In the entries below, print exactly the lines from the first through the one with "Shop tax free", both included, and none of the pictures.

STUDY MATERIAL Start Marker

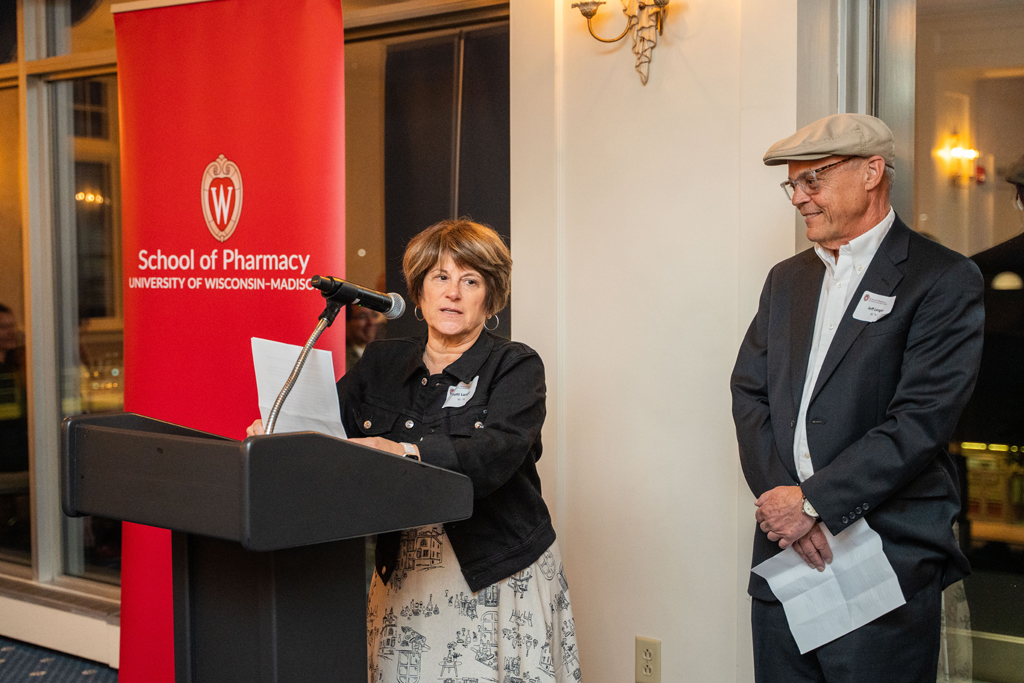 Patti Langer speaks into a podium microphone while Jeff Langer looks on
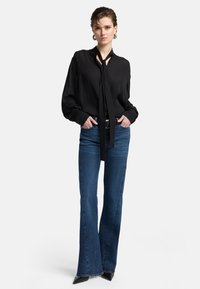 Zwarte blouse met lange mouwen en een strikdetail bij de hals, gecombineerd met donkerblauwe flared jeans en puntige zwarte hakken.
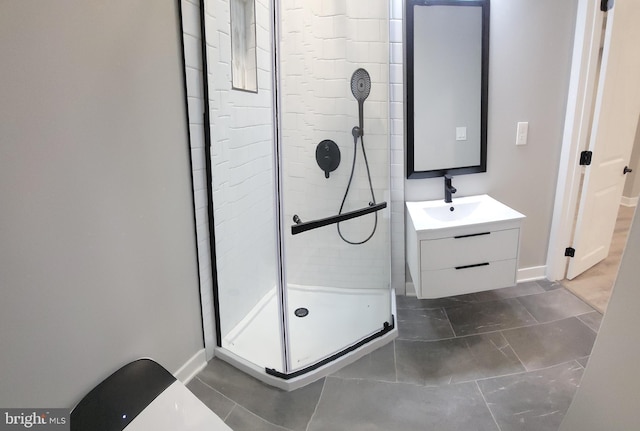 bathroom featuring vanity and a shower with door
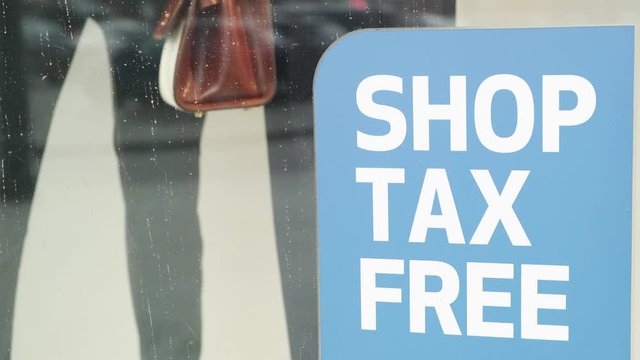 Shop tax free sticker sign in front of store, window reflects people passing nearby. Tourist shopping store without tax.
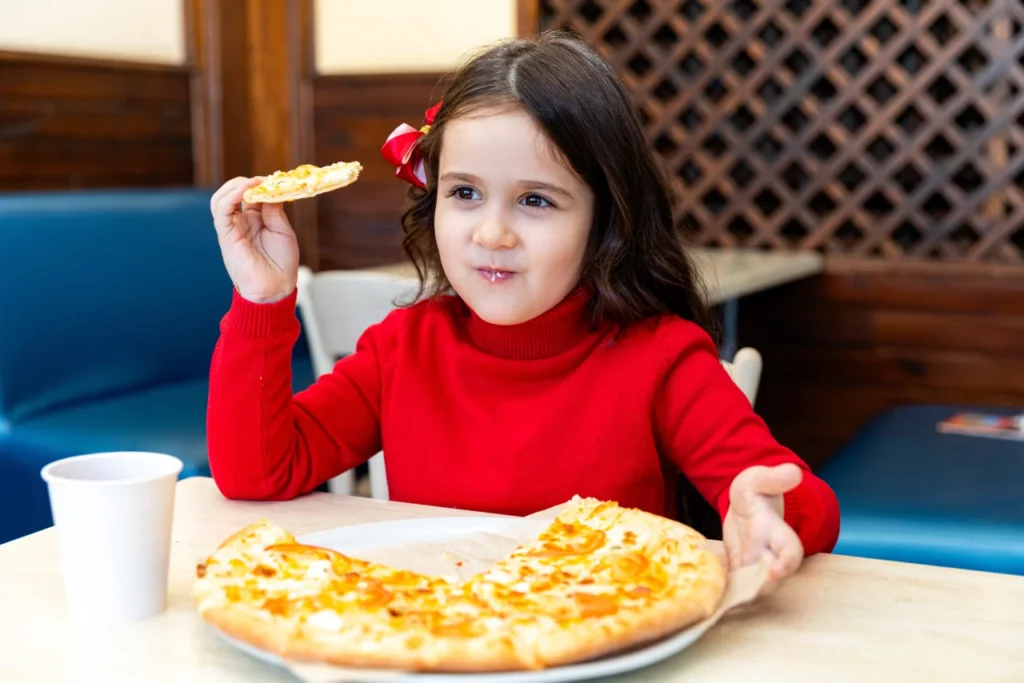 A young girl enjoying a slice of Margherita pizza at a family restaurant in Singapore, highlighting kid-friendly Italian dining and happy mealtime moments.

STUDY MATERIAL End Marker

WORKED SOLUTION -
 Patti Langer speaks into a podium microphone while Jeff Langer looks on
 Zwarte blouse met lange mouwen en een strikdetail bij de hals, gecombineerd met donkerblauwe flared jeans en puntige zwarte hakken.
 bathroom featuring vanity and a shower with door
 Shop tax free sticker sign in front of store, window reflects people passing nearby. Tourist shopping store without tax.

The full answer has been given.